The answer must be an exact copy of the records below, with every picture left out.

-*-*-

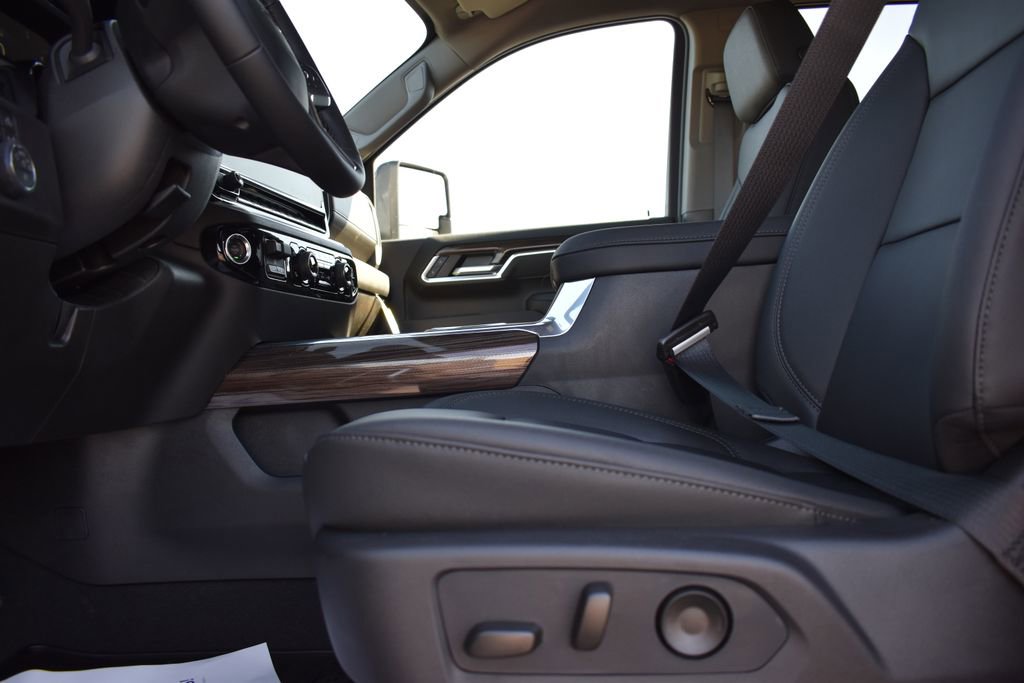 New 2026 Chevrolet Silverado 2500 LT w/ Trail Boss Package image 7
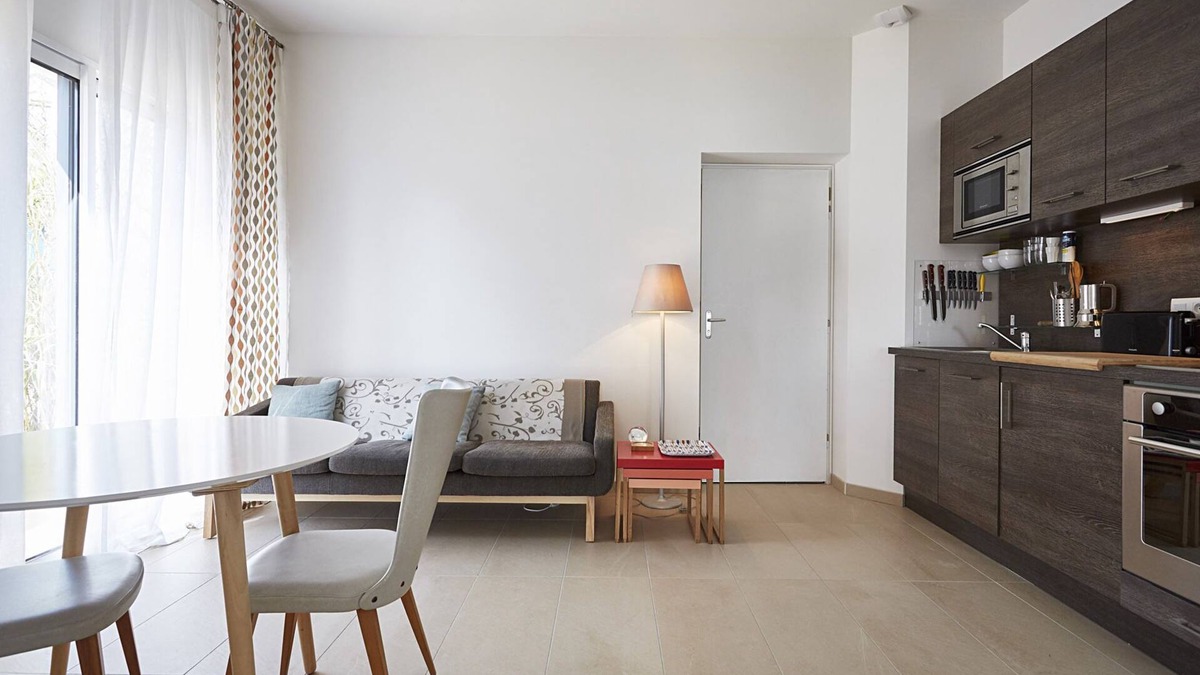 Portrieux Apartment | New in the old port, 4 minutes walk from the beach, T3 4 *, terrace facing south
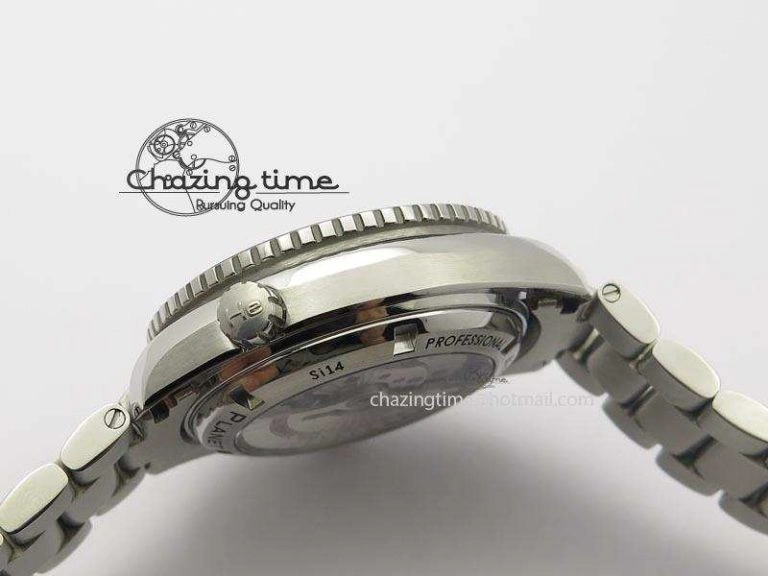 FlexibleFit Planet Ocean SS Bp Maker 45mm Orange Bezel On SS Bracelet A 8216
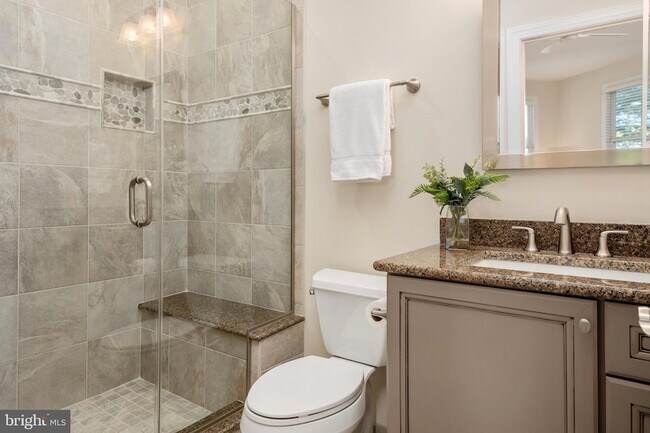 Building Photo - 1576 Bay Head Rd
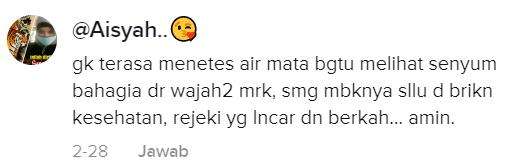 jadi ikut menangis melihat senyum bahagia mereka.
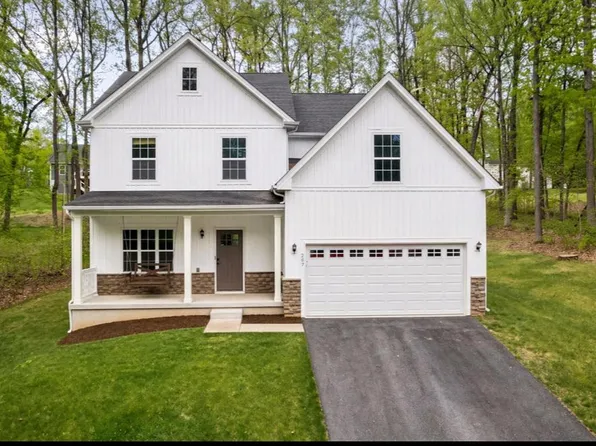 237 Speaks Ln, Harpers Ferry, WV 25425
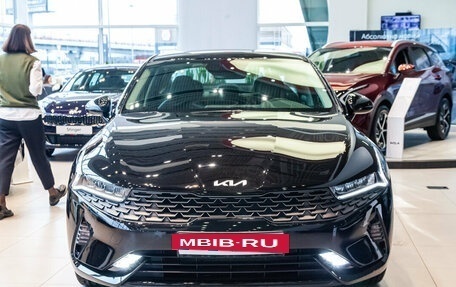 KIA K5, 2024 год, 4 140 000 рублей, 2 фотография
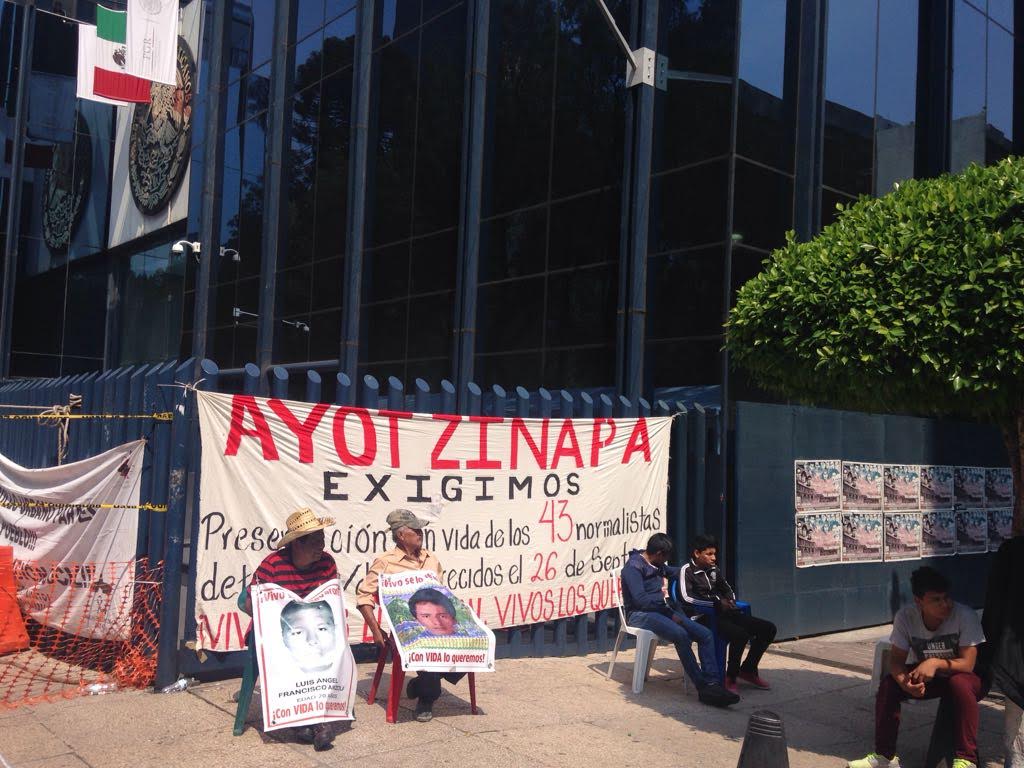 Levantan plantón padres y madres de los 43 normalistas de Ayotzinapa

-*-*-

▸ **RESPONSE BOX**
 New 2026 Chevrolet Silverado 2500 LT w/ Trail Boss Package image 7
 Portrieux Apartment | New in the old port, 4 minutes walk from the beach, T3 4 *, terrace facing south
 FlexibleFit Planet Ocean SS Bp Maker 45mm Orange Bezel On SS Bracelet A 8216
 Building Photo - 1576 Bay Head Rd
 jadi ikut menangis melihat senyum bahagia mereka.
 237 Speaks Ln, Harpers Ferry, WV 25425
 KIA K5, 2024 год, 4 140 000 рублей, 2 фотография
 Levantan plantón padres y madres de los 43 normalistas de Ayotzinapa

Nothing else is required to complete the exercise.